I went to a fine suburban public school, but sometimes I wondered what it would be like to go to a fancy private school with a fancy sounding name like The Summit Country Day School or The Seven Hills School (the “the” in front is how you know it’s fancy). Those are two of the most expensive and top-rated schools in Cincinnati, which run just over $20,000 a year. That doesn’t have much on New York City private schools, like Dalton, Marymount, or the Ethical Cultural Fieldston School, the latter of which is $47,000 a year. Cities like Cincinnati, where I live, are full of Catholic schools. We have 7 all-girls, 5 all-boys, and many co-ed Catholic high schools in the greater Cincinnati area. So I was curious- where are there a high percentage of private schools? Would NYC or somewhere in the Northeast top the list?

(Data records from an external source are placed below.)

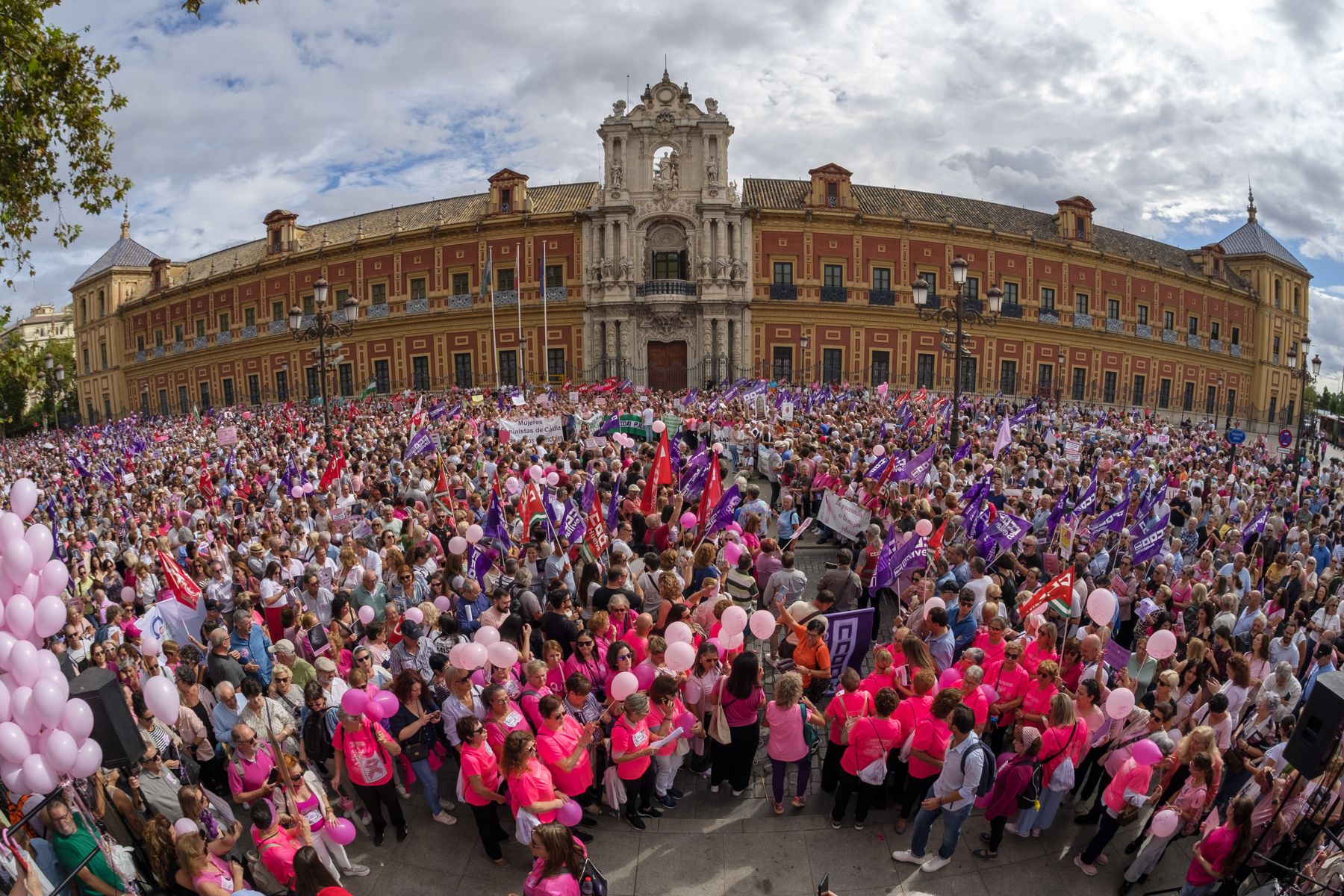 Una imagen de la masiva protesta frente al Palacio de San Telmo en Sevilla por los fallos en los cribados de cáncer. Una imagen de la masiva protesta frente al Palacio de San Telmo en Sevilla por los fallos en los cribados de cáncer.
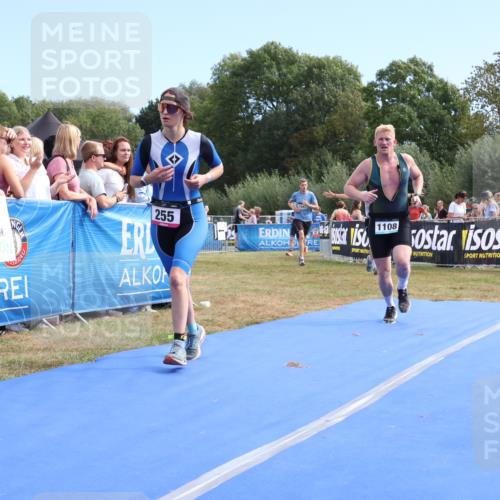 31.08.2025 - Elbe Triathlon Hamburg Strokosch-Dieckow http://msf.ph/oto/8653407 31.08.2025 11:23:24 Ziel 255, 418, 567, 1043, 1055, 1108, 1274 meine-sportfotos.de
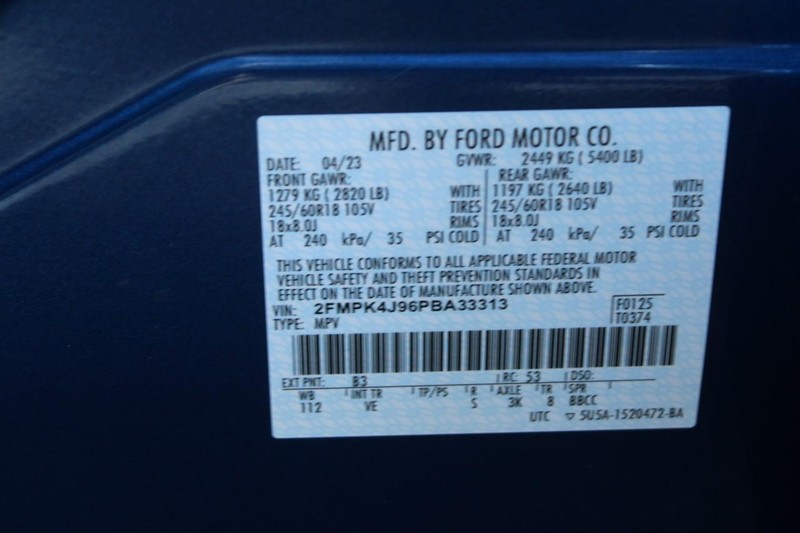 Ford Edge Vehicle Full-screen Gallery Image 16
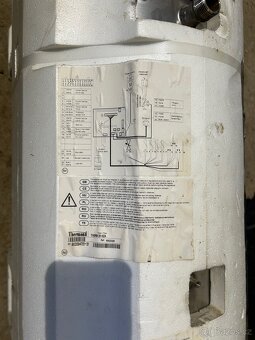 Zásobník z kotle Thermona - 2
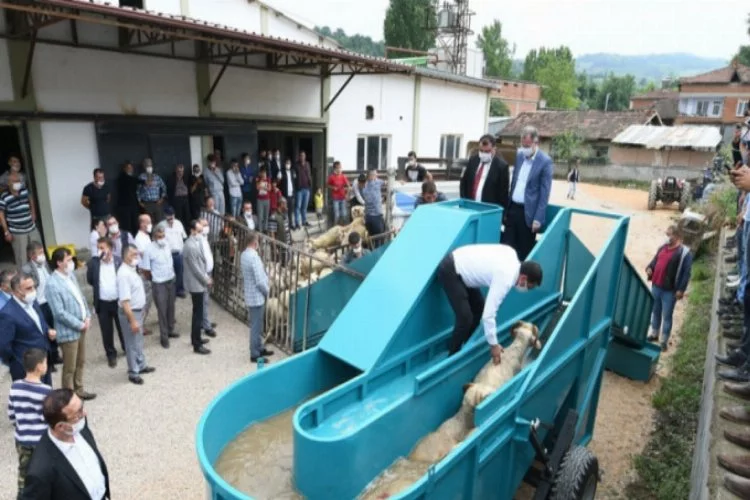 İnegöl Belediyesi, çiftçilere 'Taşınabilir Hayvan Yıkama Havuzu' aldı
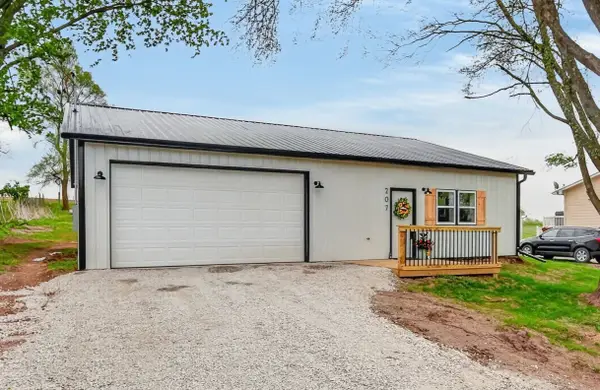 207 S East Avenue, Lacona, IA 50139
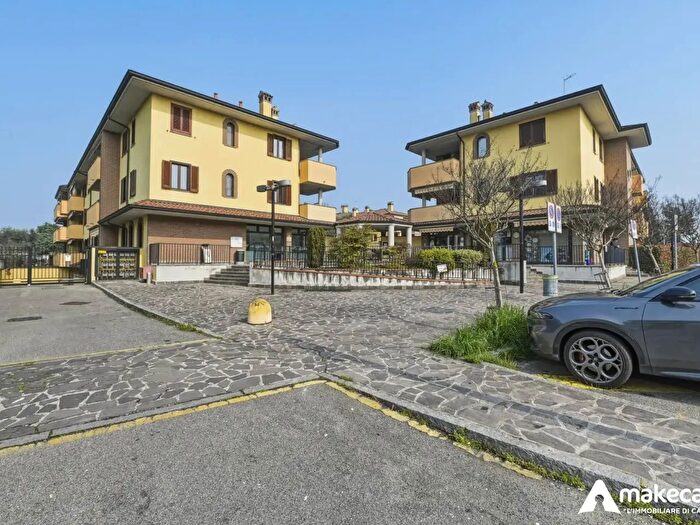 Appartamento bilocale in vendita in Via della Chiesa, Cervignano DAdda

I ran this analysis of the percentage of private school students using both the state population and the total number of students (public + private) as the denominator (the results were pretty similar, but note how DC goes down a lot further, relatively speaking, in the bottom graph). DC has the highest private to public ratio of students and Utah and Wyoming are among the lowest.
- DC and Delaware stand out, as well as Hawaii and Louisiana, which I was not expecting
- For reference, there are 20,653 private school students in Delaware (at schools with grades higher than Kindergarten)
- The total number of private school students in the database is 4,686,296.
- Public school students = 49,256,120
- Percentage of private school students across all states= 9.5%
- Homeschool students are not being counted. There are upwards of 2 million students being homeschooled
- Does DC have so many private schools because the public schools are known to be so bad? Do the government elite want a nice place to send their children?
- States like NJ, NY, RI, and Maryland are high- no surprise there as those are wealthy areas and have lots of old private schools that have been around a while, including boarding schools (I wish my data specified which had boarding students)
- Sparcely populated states like Idaho, Alaska, Utah and Wyoming have very few students in private schools. I read once that there are extremely few LDS/Mormon private schools as they traditionally send their kids to public schools. However, some areas are so LDS heavy that the public school is almost completely filled by LDS students and taught by LDS teachers, so why bother creating your own private school?
*In the bottom graph, you’ll see that I filtered out schools with only Kindergarten or Prekindergarten. This does not amount to a very high percentage and I kind of regret taking it out as there wasn’t much of a point, but I had been doing analysis on the religious affiliations of schools and wanted to filter that out there because I’m more interested in elementary, middle and high school.